Re: Ayn Randian Ethics
OCCOM BILL wrote:Damn Joe, didn't we just do this?
Well, yes, after a fashion. But it's a topic that is well worth revisiting.
val wrote:I think Rand's conception is nothing more than a poor - and not very original - justification for economic liberalism.
That's certainly one view.
val wrote:Seeing morality in the exclusive perspective of self interest is to forget that we live in a society and we are members of a specie and not a mere addition of individual entities.
Rand understood that, and her ethics reflect that fact. To understand her ethics, however, one must appreciate how her view of personal morality works on a societal level.
As I understand it, Rand's ethics works somewhat like Adam Smith's view of the marketplace. According to Smith, even though everyone in a free market is a capitalist, no one acts in the interests of capitalism. Rather, everyone acts in their own best interests and capitalism takes care of itself. In the same way, Rand thinks that a societal morality can exist even if no one is particularly interested in maintaining or advancing that morality, since everyone acting in their own self interest will lead to that morality just as everyone bargaining in the marketplace leads to capitalism.
val wrote:When she says that the fulfilment of self interest must respect the self interest of the others, she destroys her own argument. If my self interest is to be rich and in order to accomplish that I steal money from my neighbour, how can both of us accomplish our self interest? Shall he steal from another neighbour, and so on?
And if all men and women on earth want to fulfil their self interests (being rich)? Should everyone steal?
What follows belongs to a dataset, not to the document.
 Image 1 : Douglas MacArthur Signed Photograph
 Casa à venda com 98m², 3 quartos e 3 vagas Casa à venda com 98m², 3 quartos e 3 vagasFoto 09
Then nobody would be able to fulfil self interest.
Rand, I imagine, would counter that no one who is rationally self-interested would steal, since it is in everyone's self interest to maintain the institution of private property. A self-interested Randian, therefore, does not steal, even if there is a perceived immediate advantage in stealing. As I've mentioned
elsewhere, in this Randian ethics resembles a Kantian categorical imperative, although there are immense differences between the two.
val wrote:No moral or ethics can renounce to the idea of supra individual values. That, unless you accept that the only rule is the right of the strongest - but Rand has no courage to follow Sade or Nietzsche.
You're certainly not the first person to compare Rand's ethics with Nietzsche's (click the link above). But upon closer examination Rand's ethics bear the closest resemblance to Aristotle's. Rand, in effect, says that to be ethical means to live rationally, which is close to what Aristotle said in his Nicomachean Ethics. Granted, there are differences between Rand and Aristotle, but their general position is largely the same.